Todos excedentes. Todos muertos.
Simon Leys —que fue el más sabio de los analistas del comunismo asiático— cifraba en la enormidad del absurdo acometido, su estupor ante aquel genocidio —él lo llama «autogenocidio»— que, entre 1975 y 1979, exterminó a casi un cuarto de la población camboyana. Un exterminio, cuyas ejecuciones no pasaban por las demasiado modernas cámaras de gas de la vieja Centroeuropa, sino por el más humilde e íntimo garrotazo en la nuca. «Los horrores del siglo XX confirman las intuiciones de Kafka.
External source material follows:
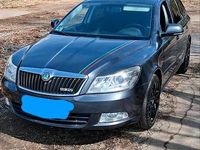 Gebraucht Skoda Octavia 122 PS (89 kW) 2012 Grau Kombi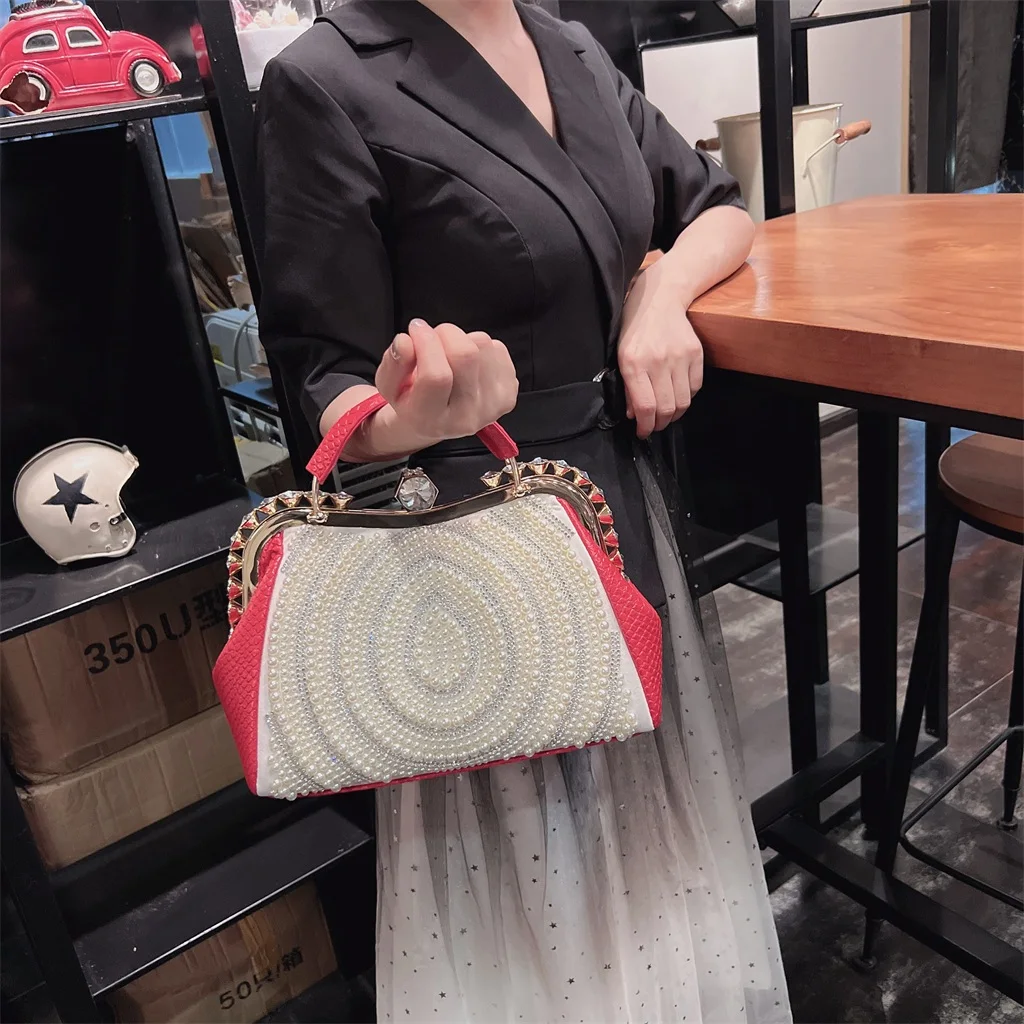 Genuine Leather Women's Handbag 2024 New Fashion Lady Diamond Rhinestone Clip Bag Casual Pearl Shoulder Messenger Bags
Y, sobrevenido a finales del siglo, el genocidio camboyano constituyó, de algún modo, su epílogo más extremo y más grotesco: no era sólo una monstruosidad (de eso, pensábamos haber agotado ya el registro); era también la caricatura loca de una monstruosidad».
Y, a un «hombre nuevo», había que amoldar un nuevo mundo a estrenar a su medida. Sería un universo de pureza sin pasado, exento de las remoras y arcaísmos de aquella humanidad imperfecta que dejaba atrás. Y, sobre todo, exento de cualquier memoria, de cualquier remordimiento o añoranza. Las escuelas, lugar de aprendizaje muerto y corrupción anímica, fueron clausuradas. La moneda, templo y acicate de codicia y podredumbre capitalista, fue abolida. Y a la destrucción de las gafas siguió la destrucción de máquinas y modernos artilugios, industriales o domésticos, juzgados enemigos del sano buen hacer campesino. Hombre y naturaleza debían perseverar solos, sin mediación de artificios que corrompiesen el retorno a un alucinado paraíso original y perdido. Y a esa supresión del tiempo, y a esa depuración de sus humanos residuales, se la llamó «comunismo ahora». Y hasta hubo grandes intelectuales europeos —cuyos nombres, por piedad, eludo— que se empeñaron en ver aquello como la más grandiosa culminación de los tiempos: Paraíso.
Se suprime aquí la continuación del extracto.